Lee was my first cousin, the elder of two boys born to one of my mother’s sisters. Lee’s younger brother was indirectly responsible for their father’s death from an accident involving a farm tractor. I will cover that in a future posting, so stay tuned.

Lee’s mother, my Aunt Ellie, figured prominently in my pre-teenage years. It was to her home that I and my youngest sister, a lass just eighteen months older than I, were shipped annually for our summer vacation. I know now that it was to provide some relief for our mother and two older sisters. Our banishment to Alabama for several weeks each summer was their summer vacation, relieved of the need to look after us.

I won’t speak for my sister because she’s not around to defend herself, but I must admit that I needed around-the-clock supervision. I was inexorably drawn to water in all its locations, whether pond, lake, creek, river, swimming pool, mud puddle or sewage ditch—yes, sewage ditch. Because of water’s attraction I had great difficulty staying home, a trait—call it a fault—that will be the subject of a future posting—stay tuned.

Aunt Ellie lived with her husband and children some five miles south of Vernon, a small town in west central Alabama that served as the seat of Lamar County. Vernon was only thirty miles east of Columbus, Mississippi, just across the state line—the towns were connected by a two-lane graveled road, the negotiation of which was an adventure in itself.

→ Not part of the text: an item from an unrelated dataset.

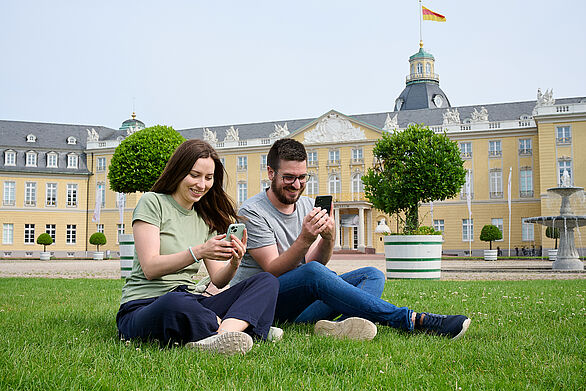 Zwei Personen sitzen auf einer Wiese vor dem Schloss Karlsruhe und nutzen ihre Smartphones. Im Hintergrund ist das historische Gebäude mit Fahne sichtbar.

I’ll discuss that road in a future posting—I promise! Just as a teaser, I’ll say that my uncle, one of my mother’s brothers, drove an interstate bus for a company called Missala Stages—get it? Miss for Mississippi and ala for Alabama? Missala looks and sounds like something from Hebrew history, right? Right!

That uncle’s lofty profession was at the top of my wish list of what I wanted to be when I grew up. Another of my uncles was a city policeman in Columbus, Mississippi. His was the second profession on my wish list. I never realized my first dream. The closest I ever came was owning and driving a full-size customized van, a vehicle that I still own and drive around the block frequently to keep the battery charged. I did, however, fulfill my second wish—I became a federal law enforcement officer in a second career following retirement from military service.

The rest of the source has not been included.